Cependant, j’ai toujours aussi froid et je vois double. Guy est en pleine forme. Arrive la Jeep. Nous la chargeons, je prends place à côté de Pou, nous roulons une heure sur route et sur chemin pour rejoindre un point de départ sur la rivière Pai.
Hilton
Changement d’hôtel, le prix de mon ancienne chambre ayant soudain doublé. Des paysans louent de petites baraques en joncs avec paillasse au sol, ce qui me convient, mais au moment d’accepter, j’entends de la musique techno. La dame m’explique que cela vient de la piscine. Je lorgne au-dessus de la clôture. Ne vois ni piscine ni touristes. J’aperçois en revanche les hauts-parleurs acrochés aux palmiers. A quelle heure cela finit-il? Dix-sept heures, dit la dame. Je lui rends la clef. Ele me fait ècrire une lettre de plainte. Un peu plus loin, un hôtel avec bungalows. D’après l’ambiance, propriété chinoise. Difficile de savoir à quoi cela tient. De prime abord, le style est différent. Le Chinois n’a pas l’amour des courbes, pas le goût du détail, de la nuance. Et puis, dans un commerce tenu par des Chinois, il y a toujours une dame qui est assise devant des billets de banque et tient une machine à calculer comme si le naufrage menaçait. Cependant, magnifique hôtel. Je m’installe dans une bungalow, profite de la piscine, me sert de bière dans le frigidaire. La seule autre cliente, une Anglaise, lorsque je la salue et lui demande ce qu’elle pense de l’endroit, se justifie:
- Oh, d’habitude, je ne prends pas aussi luxueux, mais je suis un peu fatiguée.

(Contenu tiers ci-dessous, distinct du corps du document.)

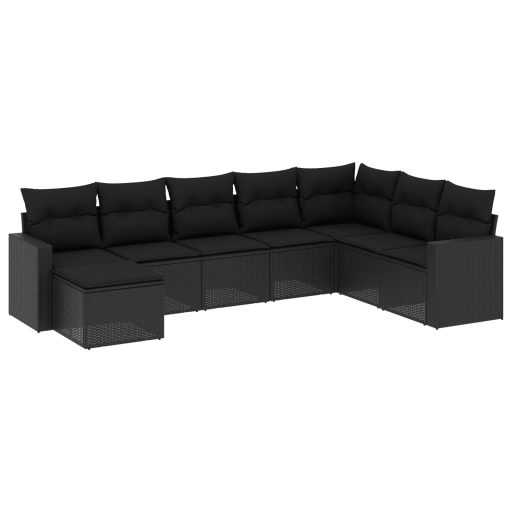 8 részes fekete polyrattan kerti ülőgarnitúra párnákkal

Nous échangeons quelques propos sans intérêt, puis elle s’excuse encore:
- C’est vraiment la première fois que je descends dans un endroit comme celui-ci…
- Moi aussi, lui dis-je, mais nous sommes dans une vallée pauvre, s’il existait des hôtels dignes de ce nom, j’y serai descendu. D’ailleurs j’ai réservé au Hilton de Chang Mai pour demain, cette jungle est trop inconfortable.
Repas
Sur la colline de Pai où Guy range son matériel de navigation. Il cuisine un porc sauce citronnelle et lait de coco. D’autres Français sont invités. Un couple qui vit dans la vallée six mois par an. Jacques est sobre et réservé. Quand il parle, les autres l’écoutent. Sa femme par exemple. Un caractère. Visage buriné, épaules devant, coudes devant, et une gouaille! D’ailleurs, toute nuance de langage semble la gêner. Si vous dites, “ils sortaient ensemble”, elle traduit: “il baisait cette bombasse”. Elle dans son élément — n’y serait-elle pas que cela ne la gênerait aucunement — puisque la conversation porte sur le sexe et la nourriture. A croire que c’est là ce qui manque aux expatriés. L’autre invité est un ancien tenancier de bar de Ménilmontant, qui travaille, ce sont ses mots, “dans une obscure officine de l’Etat à Paris”, et attend pour s’installer dans cette jungle que sa vieille maman meurt. Plus tard, le couple raconte son voyage au Cambodge, tenu qu’il est, comme tous les touristes (Guy est à ce régime depuis trente ans) de quitter le territoire national tous les trois mois: une horreur! Pays dangereux, disent-ils, peuplé de voleurs, de chauffards et de corrompus.
- C’est simple, déclare France, nous ne nagions jamais ensemble. L’un des deux gardait les affaires tandis que l’autre profitait de la mer… et encore, en surveillant ses arrières.
L’amusant est que ces quatre personnes se sont connues sur les bancs de l’école, dans une commune montagneuse de Corrèze. Et soudain, les voici qui partage les derniers ragots sur leur village des Pyrénées.